------ INFORMATION

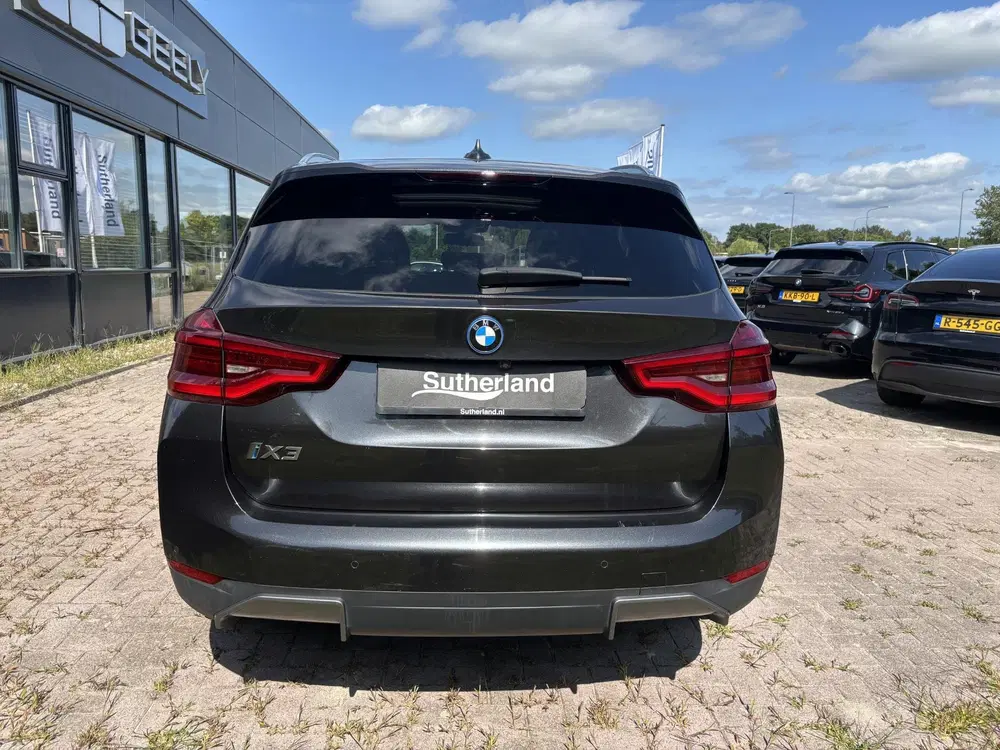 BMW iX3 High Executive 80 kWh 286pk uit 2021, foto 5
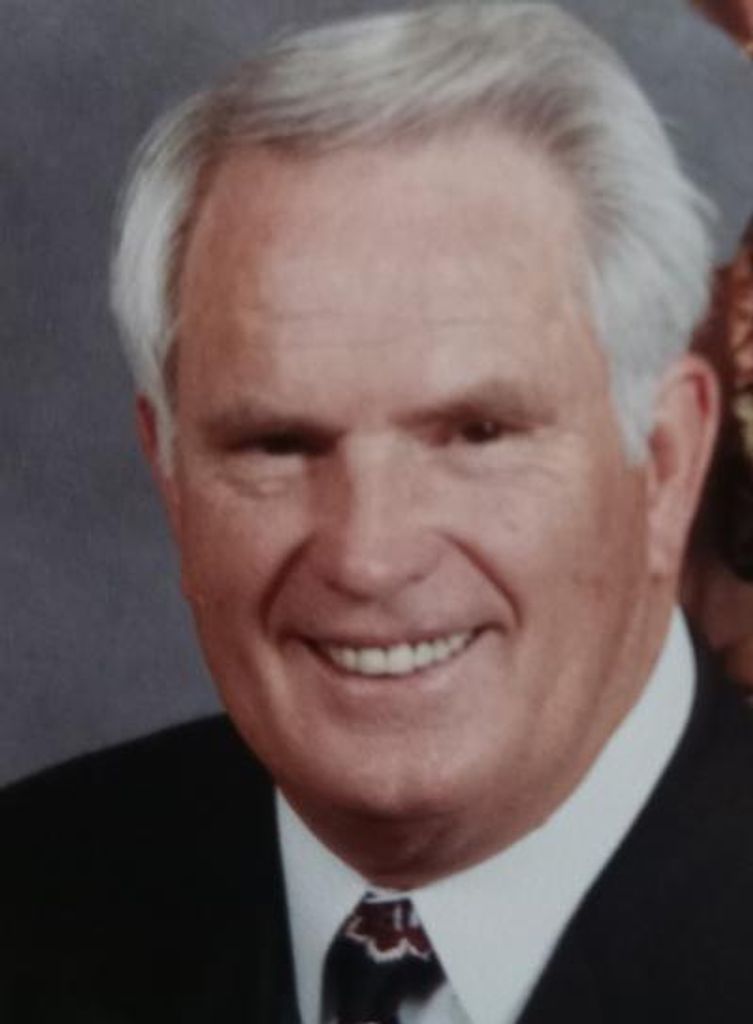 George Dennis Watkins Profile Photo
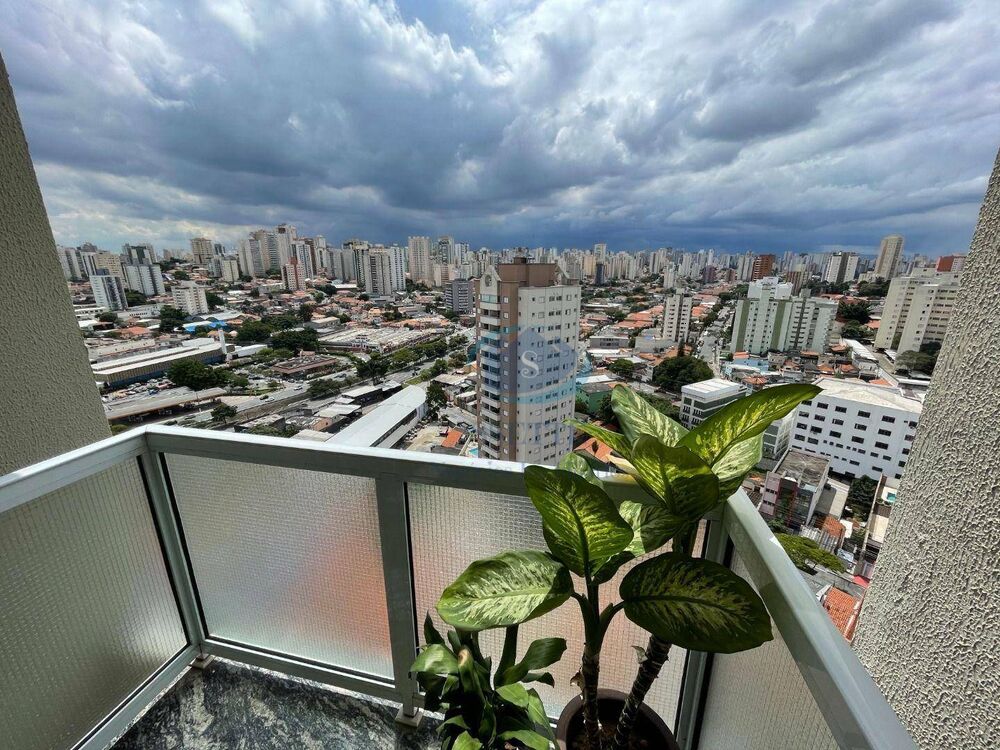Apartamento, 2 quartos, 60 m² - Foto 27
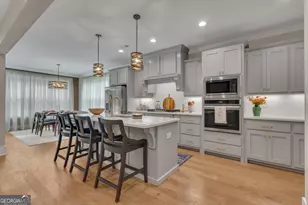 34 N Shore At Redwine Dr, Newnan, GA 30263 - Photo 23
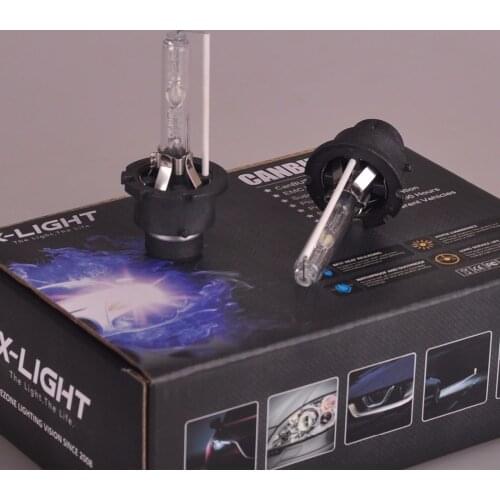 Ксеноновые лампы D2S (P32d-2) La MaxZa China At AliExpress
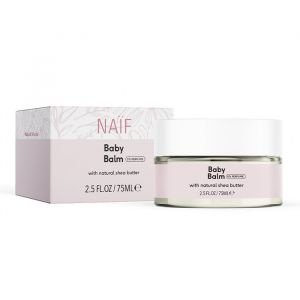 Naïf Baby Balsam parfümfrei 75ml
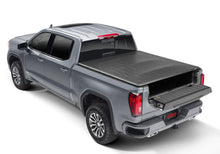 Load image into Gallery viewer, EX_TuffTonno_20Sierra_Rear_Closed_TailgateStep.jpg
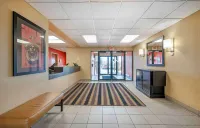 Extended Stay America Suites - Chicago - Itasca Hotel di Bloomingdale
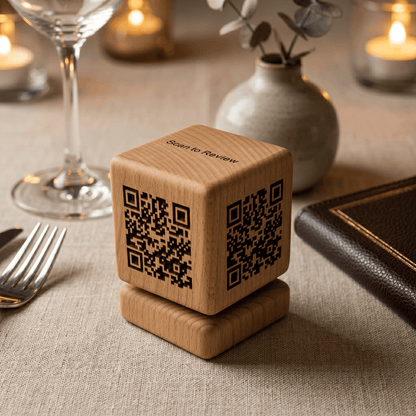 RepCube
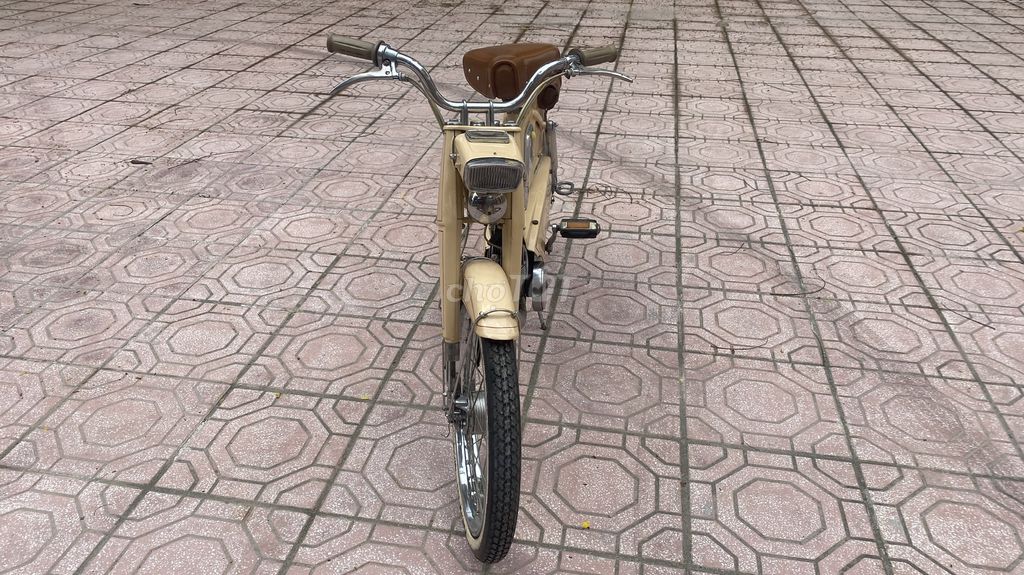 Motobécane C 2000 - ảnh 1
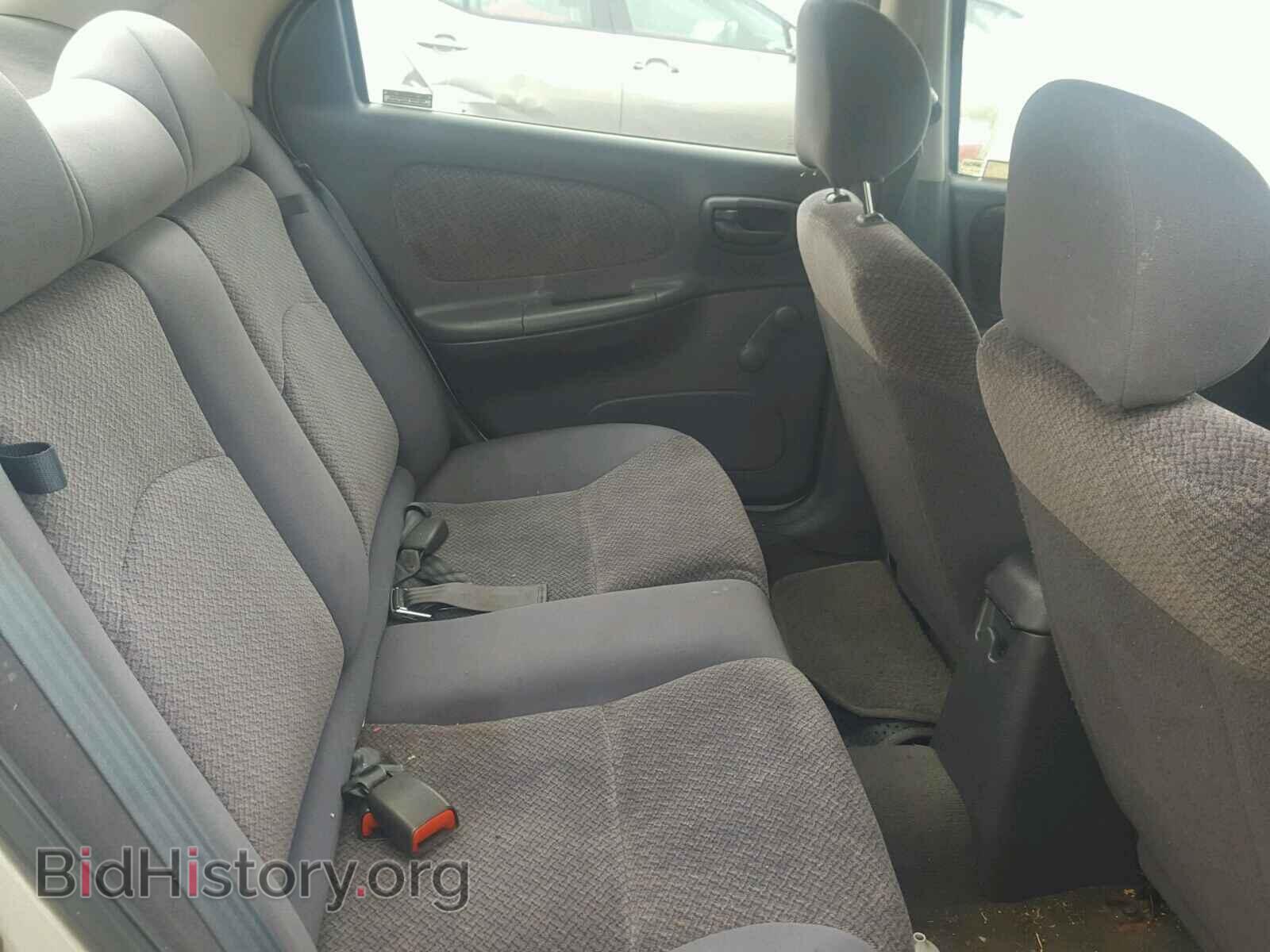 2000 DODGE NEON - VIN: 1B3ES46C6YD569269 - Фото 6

------------

> [EXERCISE PROMPT] "Naïf Baby Balsam parfümfrei 75ml" marks the first line to be returned; return exactly that line and every line after it through the last line of the listing, omitting pictures.

> [EXERCISE OUTPUT]
 Naïf Baby Balsam parfümfrei 75ml
 Load image into Gallery viewer, EX_TuffTonno_20Sierra_Rear_Closed_TailgateStep.jpg
 Extended Stay America Suites - Chicago - Itasca Hotel di Bloomingdale
 RepCube
 Motobécane C 2000 - ảnh 1
 2000 DODGE NEON - VIN: 1B3ES46C6YD569269 - Фото 6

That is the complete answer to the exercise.